BY ANDY CHENG
Every few years, my family plans a vacation to travel around the United States by car. One such trip involved paying our neighboring country a visit. As a southern California resident, I never imagined entering Canada for the first time via car, let alone be the driver. After the third day of driving north, we passed the Washington State customs into British Columbia.
We entered Vancouver an hour after passing the border and drove to Stanley Park, the city’s urban park equivalent to New York’s Central Park. My original expectation was just to walk through foreign-introduced flower patches and look at systematically placed trees and gardens. Those expectations could not have been more incorrect.
The inside of the park unsurprisingly featured an arboretum-esque scene. What took my breath away was being on the perimeter and gazing outward. To the south was the marina with the downtown as the backdrop. Gorgeous hanging gardens could be seen on the sides of some skyscrapers, while other buildings looked to be apartment or office complexes. The reflection of the seawater was icing on the cake, showing a perfect reflection of the near-symmetrical skyline.
The north was a completely different view. Instead of a distinct skyline, there were many small buildings complemented by a vast mountain range in the background. Many commercial ships went beneath the Lions Gate Bridge, and a harbor on the opposite end showed an array of cranes. I saw a seaplane land in the water for the very first time.

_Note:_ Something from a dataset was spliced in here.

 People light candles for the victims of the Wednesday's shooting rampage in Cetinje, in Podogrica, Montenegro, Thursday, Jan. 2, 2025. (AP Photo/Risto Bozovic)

My southern Californian pride was bruised by the end of the day. I had always been proud of knowing that I lived in an area where people could ski in the mountains, ride in the desert, and surf in the ocean all in the same day. Vancouver may not have the desert, but I’d take the aesthetics of a perfect marina and skyline over cacti and lizards any day of the week. I went into Stanley Park expecting mediocrity; I went out yearning, ‘til this very day, to go back again.